Comment on Daily reminder that the good old days of the Empire weren't THAT good...
PugJesus@piefed.social 2 days ago
Explanation: When the awareness of the GLORY of ROME was reawakened in the Renaissance, conscience imitations of the Roman Empire by polities became common. However, as the rationalist impetus of the Enlightenment began to eclipse the cultural and material achievements of the Roman Empire, this began to fall by the wayside.
… only for the mass-idolization of the Roman Empire to be revived by right-wing nationalists in the early 20th century, who could then perceive the Roman Empire not simply as a time of cultural refinement and material marvels, but as a time of centralized and chauvinist rule over a geographically vast polity, three qualities which the dominant cultural currents had increasingly rejected in the late 19th and 20th century. Fascists, unfortunately, still attempt to appropriate Roman iconography, once common across all political leanings, to this day.

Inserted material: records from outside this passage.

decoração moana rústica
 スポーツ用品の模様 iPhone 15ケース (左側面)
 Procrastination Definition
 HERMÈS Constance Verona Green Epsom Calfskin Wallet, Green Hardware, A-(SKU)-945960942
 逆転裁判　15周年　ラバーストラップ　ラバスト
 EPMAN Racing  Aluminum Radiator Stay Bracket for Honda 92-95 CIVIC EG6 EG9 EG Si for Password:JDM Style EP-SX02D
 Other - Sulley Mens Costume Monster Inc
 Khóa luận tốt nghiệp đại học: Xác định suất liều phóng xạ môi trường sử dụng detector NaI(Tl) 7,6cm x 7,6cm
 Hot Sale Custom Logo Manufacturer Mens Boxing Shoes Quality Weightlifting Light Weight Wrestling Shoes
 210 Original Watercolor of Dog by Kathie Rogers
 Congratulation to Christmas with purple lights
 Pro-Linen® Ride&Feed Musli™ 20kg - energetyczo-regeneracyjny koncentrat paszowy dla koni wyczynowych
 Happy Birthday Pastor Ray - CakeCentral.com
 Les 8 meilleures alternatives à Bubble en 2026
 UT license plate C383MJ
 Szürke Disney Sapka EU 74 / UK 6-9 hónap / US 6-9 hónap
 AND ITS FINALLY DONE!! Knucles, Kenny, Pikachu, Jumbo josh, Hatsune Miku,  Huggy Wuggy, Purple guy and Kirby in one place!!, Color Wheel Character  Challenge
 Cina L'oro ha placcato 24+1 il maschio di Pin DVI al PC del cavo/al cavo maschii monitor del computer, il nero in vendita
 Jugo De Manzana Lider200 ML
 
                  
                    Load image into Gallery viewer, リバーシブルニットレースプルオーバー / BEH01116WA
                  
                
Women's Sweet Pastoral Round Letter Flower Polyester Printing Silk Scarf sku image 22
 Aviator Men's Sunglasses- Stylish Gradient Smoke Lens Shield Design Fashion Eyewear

It’s a near-guarantee that major political figures invoking the Roman Empire are far-right cretins, and the success of creatures like that never bodes well for a nation’s future.
… we love Rome here, but not more than we love modernity and democracy. Rome was great insofar as it was better than its contemporary peers - Rome is not great in comparison to nearly any modern country.
wonderingwanderer@sopuli.xyz 1 day ago
Eh, the Romans plagiarized nearly everything from the Greeks, only replacing the gayness with chauvinism. Two stars. Out of ten.
PugJesus@piefed.social 1 day ago
Nah, the Romans were just as gay, and arguably less chauvinist, depending on how you define chauvinism. Certainly, the Romans were less sexist than the Athenians, more accepting of freedmen than any major Greek society, and more accepting of outsiders and foreign ideas.